WHAT! KALEO IS ALMOST OVER!!!? NNNOOooooo....

Today's date, April 1st. I can't believe it! 16 more days of this life with my little family and then it all ends! I can't even fathom how fast this year has gone. People were right when they say things go faster when you become older. Everyone's mood has change. We are all anti school and are wishing we could just spend time with each other as much as we can. We use Jim's words whenever someone leaves to go to school, "Don't worry about school. Yes you need to do it, but when you have the opportunity to talk to someone and hang with someone then do it. There are only so many days that you can hang with these people". It is so true. Kaitlyn's sister gave her such wise words for these last few weeks. But the best part is that many of us, I believe about 10 of us are going to be at Briercrest! Which I am very excited about.

Things have been just flying by. I am not quite sure what has been going on. This past week we went surfing, which was exciting. I did a little bit better then what I did the last time we went. I actually stood up a little, but then a fell right back down in the crashing waves! I loved it! I think I am going to become a surfer, live on the beach in Florida and just surf all day long. What a way of life! =D I am highly considering this way of life. Soakin in the rays, surfing and I can preach to the people who I meet on the beach!

Man, as I think about me going into my second year of college it blows my mind away! I could never picture me in college, learning things for what I will be doing for the rest of my life. For those who may not know what I am doing let me explain. I will be attending Briercrest college which is in Saskatchewan and I will be doing the TESOL program. Which is Teaching English as a Second Language. I will be learning to teach and then go for, I believe a semester, and teach over seas. I am not sure where I will be going, but wherever it is I can't wait! Oh, and this summer I will be working here at Camp Qwanoes, which I am also excited about. I think it will be an amazing time, but it will be hard. It will be my first time counseling ( pray for the poor kids who are in my cabin! =/) but I think it will be good for what I am planning on doing. I am just going to be trusting the Lord and relying on Him to help me teach these kids! I am super excited to see where God is going to be taking me in my life. My hands are open and I am ready to go wherever He wants me to go.

As I think about leaving this wonderful, amazing, marvelous community it brings tears to my eyes every time. I can't imagine waking up and not having Claire, Jess and Katie in my room. Who am I going to wake up every morning? Who am I going to wave to across the room? Who is going to do all the little jokes and things that we have in our room with me? I am going to miss those three girls so much it hurts! We have grown so close over this past semester. Doing 8 minute abs, butt and arms every day. I have been so wonderfully blessed to be in a room with such amazing girls!
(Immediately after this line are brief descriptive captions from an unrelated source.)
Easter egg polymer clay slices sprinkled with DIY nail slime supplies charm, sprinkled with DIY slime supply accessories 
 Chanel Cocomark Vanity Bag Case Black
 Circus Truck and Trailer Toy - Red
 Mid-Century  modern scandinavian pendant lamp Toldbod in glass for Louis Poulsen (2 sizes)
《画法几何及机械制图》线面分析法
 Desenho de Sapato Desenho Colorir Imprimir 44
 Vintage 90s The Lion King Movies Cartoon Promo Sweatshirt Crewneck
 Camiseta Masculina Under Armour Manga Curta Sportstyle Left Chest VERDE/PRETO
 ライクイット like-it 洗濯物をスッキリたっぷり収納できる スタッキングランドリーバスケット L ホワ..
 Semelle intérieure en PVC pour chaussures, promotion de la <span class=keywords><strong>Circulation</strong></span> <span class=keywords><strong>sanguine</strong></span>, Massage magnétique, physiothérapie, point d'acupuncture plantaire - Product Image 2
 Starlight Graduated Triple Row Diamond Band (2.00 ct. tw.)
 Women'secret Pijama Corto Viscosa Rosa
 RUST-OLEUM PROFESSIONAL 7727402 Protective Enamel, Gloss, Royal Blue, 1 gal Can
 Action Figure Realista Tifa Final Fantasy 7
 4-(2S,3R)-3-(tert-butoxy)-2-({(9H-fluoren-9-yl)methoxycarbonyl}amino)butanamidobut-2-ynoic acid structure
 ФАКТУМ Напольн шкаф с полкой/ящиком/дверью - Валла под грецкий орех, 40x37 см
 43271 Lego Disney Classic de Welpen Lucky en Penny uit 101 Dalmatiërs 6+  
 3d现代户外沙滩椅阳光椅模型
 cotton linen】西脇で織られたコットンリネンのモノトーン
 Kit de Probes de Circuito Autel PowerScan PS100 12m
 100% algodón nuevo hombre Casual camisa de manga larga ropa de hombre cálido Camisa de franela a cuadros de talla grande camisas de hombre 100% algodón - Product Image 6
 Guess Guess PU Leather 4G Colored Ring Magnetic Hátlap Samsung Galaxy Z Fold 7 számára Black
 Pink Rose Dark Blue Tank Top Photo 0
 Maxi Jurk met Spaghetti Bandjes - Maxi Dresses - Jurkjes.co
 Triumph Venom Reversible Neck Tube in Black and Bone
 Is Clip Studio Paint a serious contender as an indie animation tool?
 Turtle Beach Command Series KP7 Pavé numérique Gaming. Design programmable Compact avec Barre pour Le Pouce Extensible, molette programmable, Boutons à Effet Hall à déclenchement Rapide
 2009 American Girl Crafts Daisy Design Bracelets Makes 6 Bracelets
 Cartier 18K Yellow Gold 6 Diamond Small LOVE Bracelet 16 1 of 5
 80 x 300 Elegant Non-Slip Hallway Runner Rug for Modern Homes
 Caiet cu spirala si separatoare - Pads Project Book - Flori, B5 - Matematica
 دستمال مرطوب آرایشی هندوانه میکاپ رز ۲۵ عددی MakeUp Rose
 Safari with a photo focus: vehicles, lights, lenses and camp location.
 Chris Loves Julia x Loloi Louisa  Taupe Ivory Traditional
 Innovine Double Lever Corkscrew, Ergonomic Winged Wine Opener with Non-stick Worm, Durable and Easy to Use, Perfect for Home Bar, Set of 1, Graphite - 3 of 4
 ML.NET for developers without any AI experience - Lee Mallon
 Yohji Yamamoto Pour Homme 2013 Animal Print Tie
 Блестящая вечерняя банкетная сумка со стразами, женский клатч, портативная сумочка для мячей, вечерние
As I write this blog I realized how depressing it sounds. But I am not exactly depressed. Yes, I am very heart broken about leaving these people and not living with them again, but I am excited to move on. I am excited to see what God has for my life. I am excited to go off to college and learn more about God and make new friends. I also can't wait to share another year in the same room as Claire! What a joy that girl brings to everyone she meets. Even though I am not ready to leave the people, I am ready to go out in the world. I am ready to do the things that we have been preparing for. I am ready to go and preach the gospel on my little soap box, not really =D. I think the one thing that really changed my out look about leaving is the Olympics. It really showed me what it will be like when we leave Kaleo. We are in a bubble. We are in a Christian setting, and when we come out of this Christian bubble we are amazed at how this world is so lost. I think I am more aware of it then I was before. Going to the Olympics showed me what I should be doing everyday. I should be making an effort in starting a conversation with people and just showing them God's love. What a wonderful life we lead as Christians! We get to just go around and show people love and teach them about Christ. Sure it is hard at times but we have God, what more do we need?

As I sit here in the lobby thinking, I have come to realize that I am so content with life right now. I am doing God's will and I am happy. I have been content ever since I have come here. I find that when you are doing God's work there is this joy and satisfaction that you have. What a wonderful God we serve!

Please be praying that we will determine our time well. That we will have conversations with people when we need to, but also get our school done. Please pray that people stay healthy and that we will try to soak up as much as we can these last few weeks.
oh, and I just wanted to let you all know that I have a boyfriend. His name is Steven. I met him when I went and visited Capernway (another school like Kaleo), we have like we each since I visited and have been going out for a little bit...I never thought that I would ever have a boyfriend. But he is great guy! =D
















APRIL FOOLS!!!!!!!!! I GOTCHA! I am just kidding about the boyfriend!!! There is no boyfriend nor is there a guy! =D hehehe

1 comment:

  1. Ellie~ In order for you to preach on the beach you need to be able to stand up on a surf board first. How can you draw a crowd to share the Gospel if you are under the waves opposed to be on top of the waves? I guess it could be a good word picture. "Do you feel as if you are always underwater instead of on top of the world?" And go from there. Its the big count down!!! Time does fly. We have to get your brother out of your bedroom before you come home!!!!